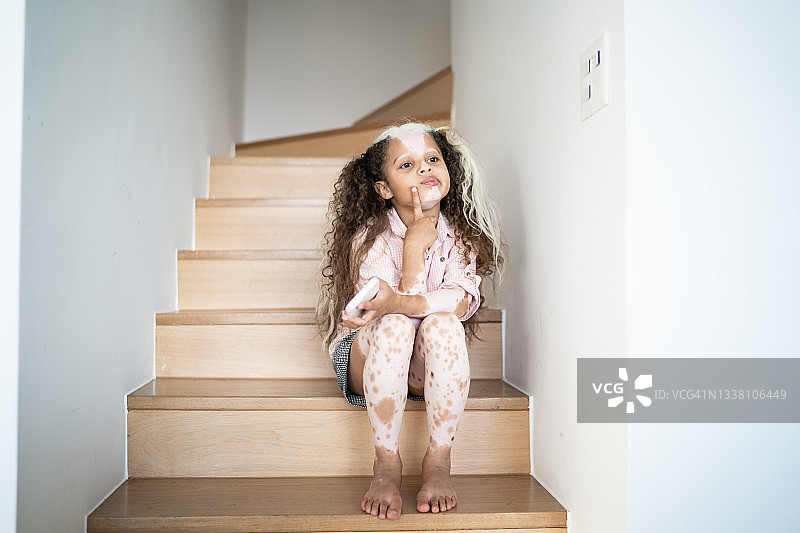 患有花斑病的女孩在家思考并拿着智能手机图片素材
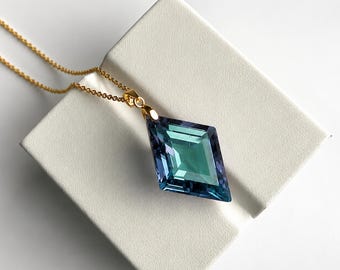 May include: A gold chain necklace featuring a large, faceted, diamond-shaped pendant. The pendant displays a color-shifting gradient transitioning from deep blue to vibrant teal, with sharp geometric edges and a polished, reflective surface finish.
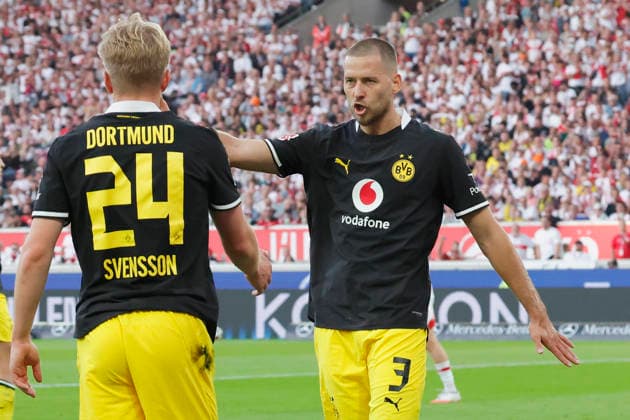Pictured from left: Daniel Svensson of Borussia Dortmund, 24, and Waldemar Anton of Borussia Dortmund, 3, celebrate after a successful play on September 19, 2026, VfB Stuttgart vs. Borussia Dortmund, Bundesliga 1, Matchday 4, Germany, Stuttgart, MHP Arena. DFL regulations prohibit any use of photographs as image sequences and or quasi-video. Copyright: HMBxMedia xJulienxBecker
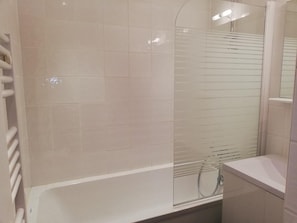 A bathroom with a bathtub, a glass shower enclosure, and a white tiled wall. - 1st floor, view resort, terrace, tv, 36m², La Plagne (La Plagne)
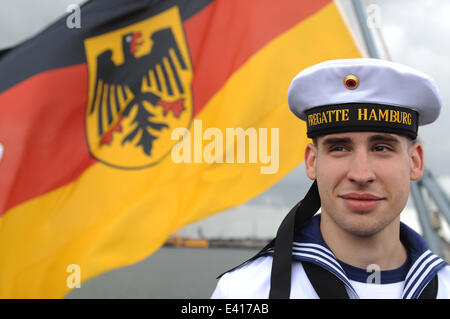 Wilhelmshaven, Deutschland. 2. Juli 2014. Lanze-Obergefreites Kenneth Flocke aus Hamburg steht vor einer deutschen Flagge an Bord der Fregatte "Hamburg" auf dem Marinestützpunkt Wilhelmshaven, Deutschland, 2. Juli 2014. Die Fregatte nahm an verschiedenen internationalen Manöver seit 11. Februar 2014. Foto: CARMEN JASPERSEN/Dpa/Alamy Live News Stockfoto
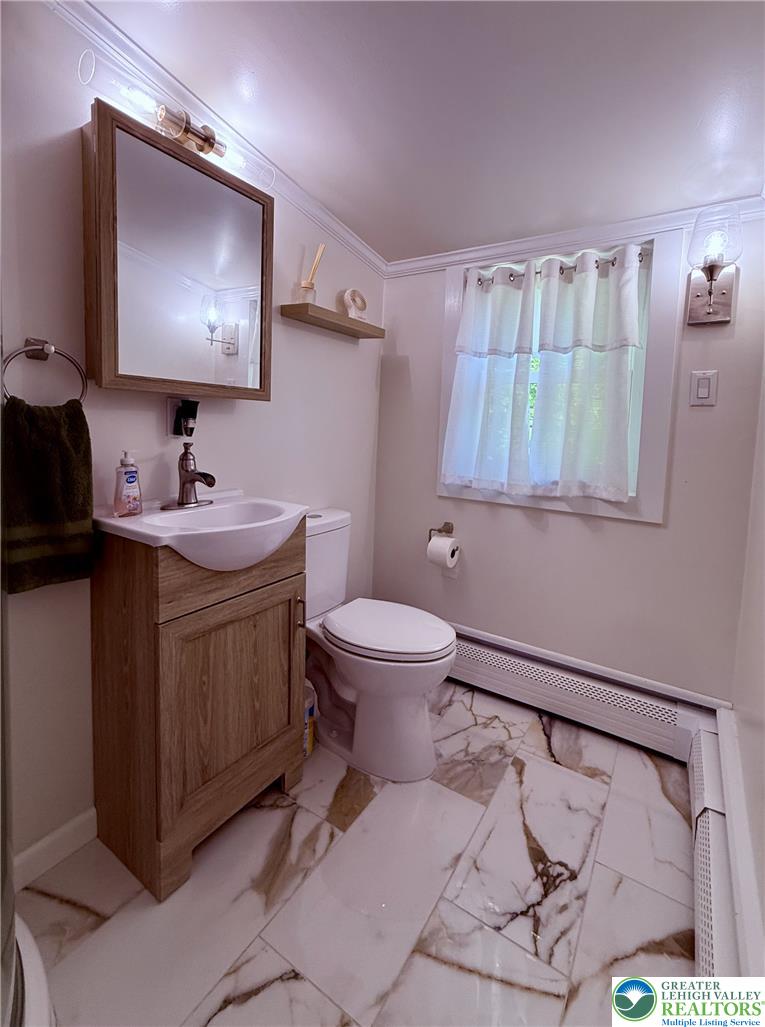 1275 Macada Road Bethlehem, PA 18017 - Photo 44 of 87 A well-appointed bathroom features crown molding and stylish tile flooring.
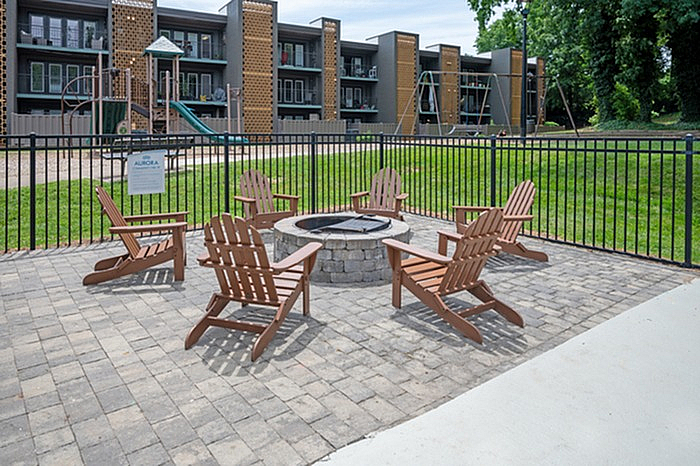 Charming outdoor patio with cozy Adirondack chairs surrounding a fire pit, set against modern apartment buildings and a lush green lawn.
--
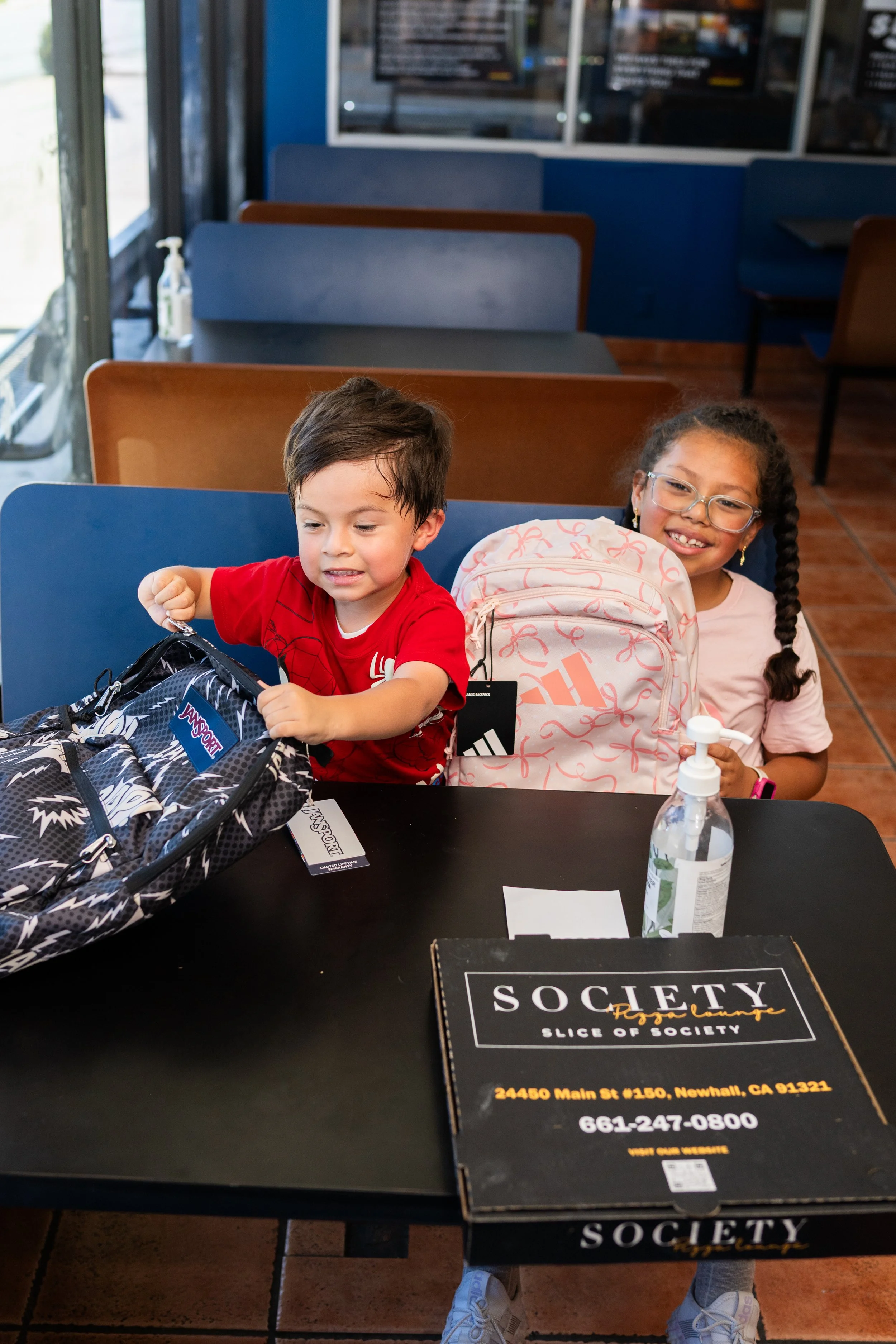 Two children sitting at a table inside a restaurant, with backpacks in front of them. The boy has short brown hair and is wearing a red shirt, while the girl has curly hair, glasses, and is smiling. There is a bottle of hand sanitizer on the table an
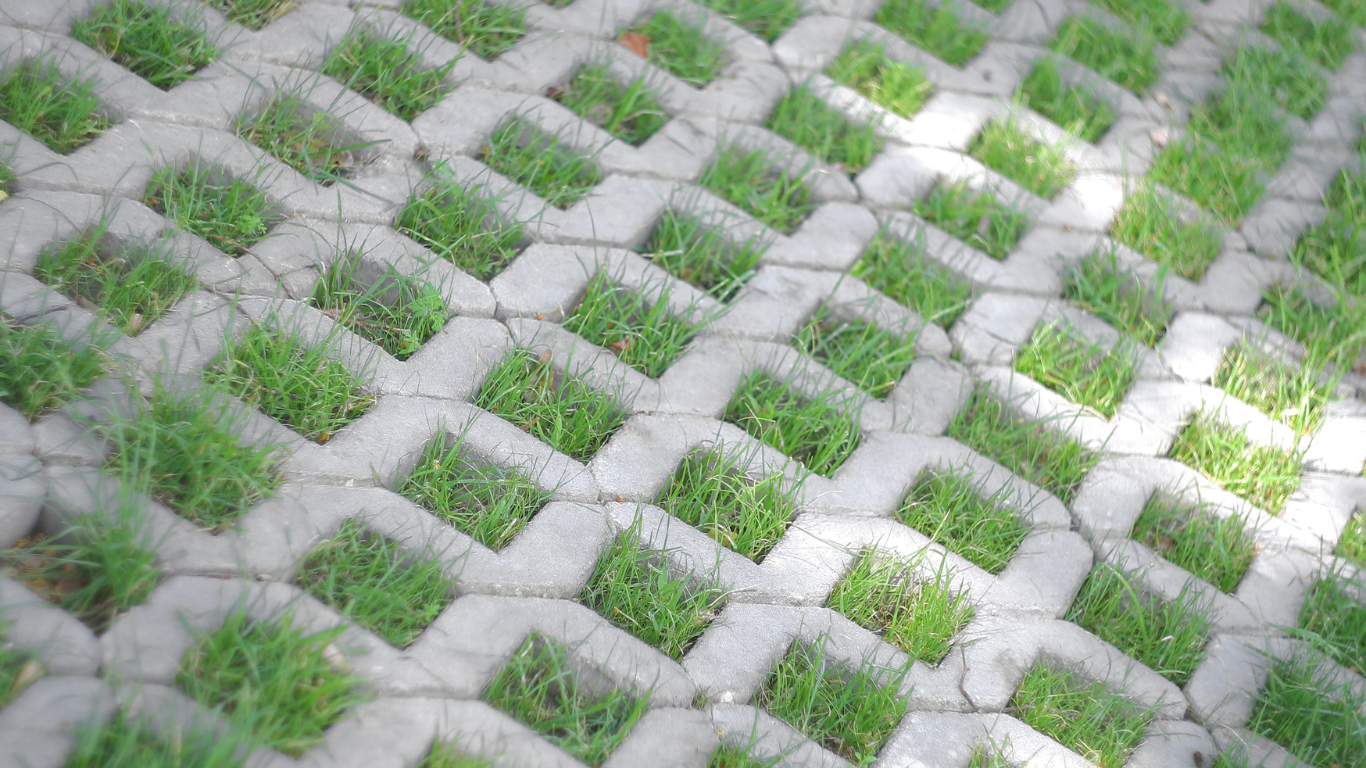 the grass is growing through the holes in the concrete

**Your instructions**
Would you copy out, exactly and with no pictures, only the lines above from the one that contains "1275 Macada Road" through the one that contains "Charming outdoor patio"?

**Expected output**
 1275 Macada Road Bethlehem, PA 18017 - Photo 44 of 87 A well-appointed bathroom features crown molding and stylish tile flooring.
 Charming outdoor patio with cozy Adirondack chairs surrounding a fire pit, set against modern apartment buildings and a lush green lawn.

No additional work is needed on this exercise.